TASK ITEM
Look through the entries below and copy exactly the part that begins with the line containing "Immagine decorativa per" and ends with the line containing "Villa Thalia - 4". Do not copy the pictures.

DATA TO PROCESS

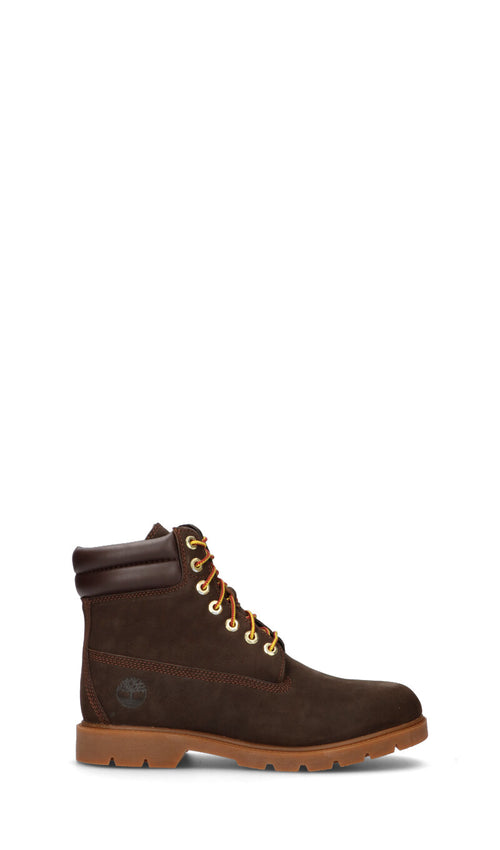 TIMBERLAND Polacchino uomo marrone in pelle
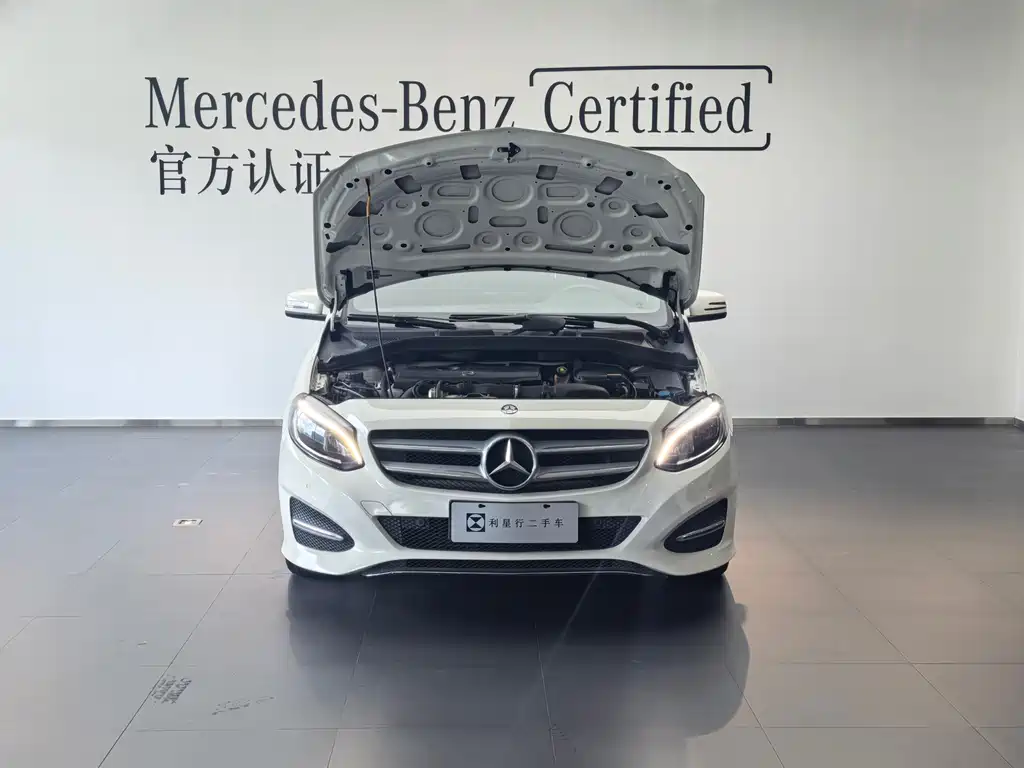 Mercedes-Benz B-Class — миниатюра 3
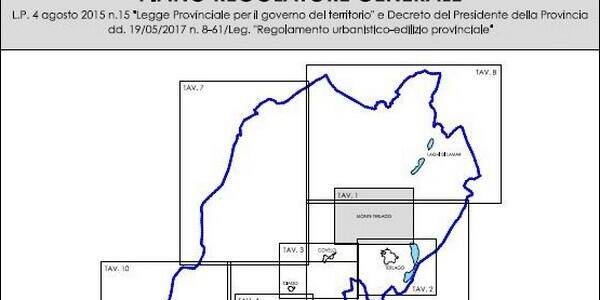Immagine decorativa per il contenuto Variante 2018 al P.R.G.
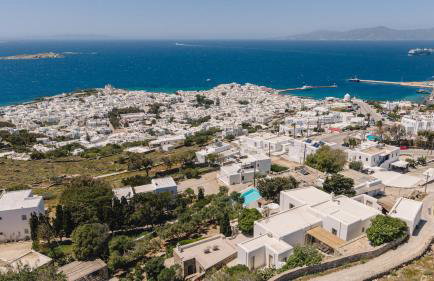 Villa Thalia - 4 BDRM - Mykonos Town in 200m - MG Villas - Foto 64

---

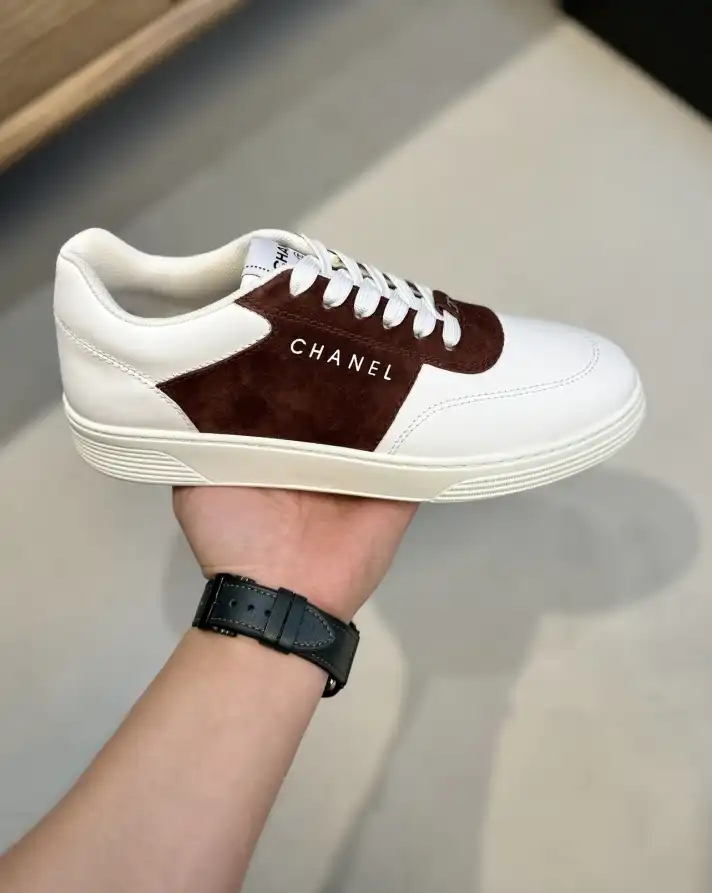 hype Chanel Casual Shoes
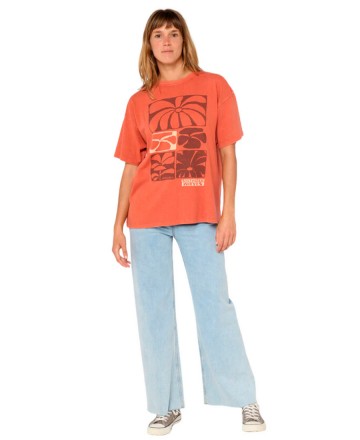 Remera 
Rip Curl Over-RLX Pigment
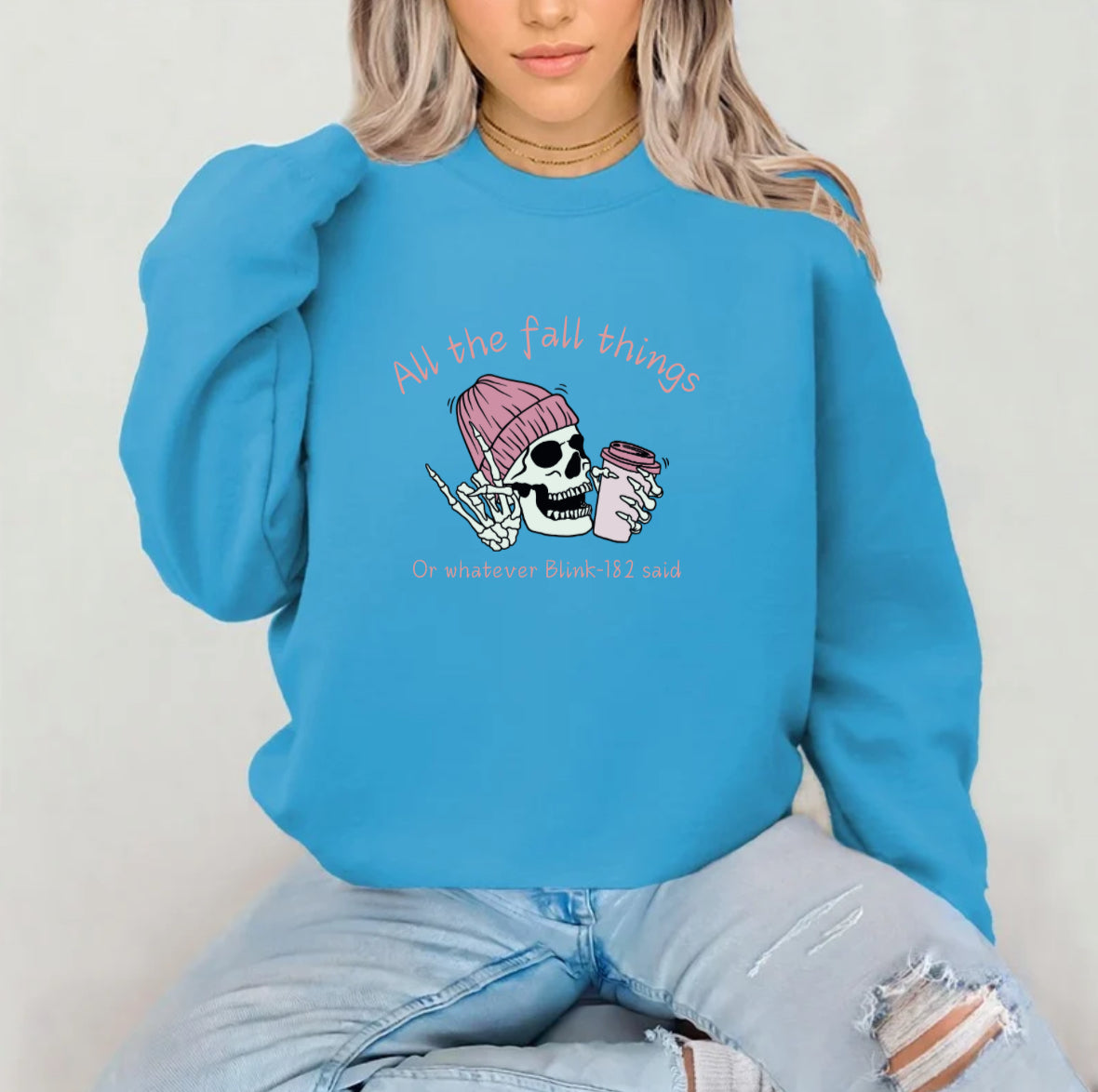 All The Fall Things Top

WRITTEN SOLUTION
Immagine decorativa per il contenuto Variante 2018 al P.R.G.
 Villa Thalia - 4 BDRM - Mykonos Town in 200m - MG Villas - Foto 64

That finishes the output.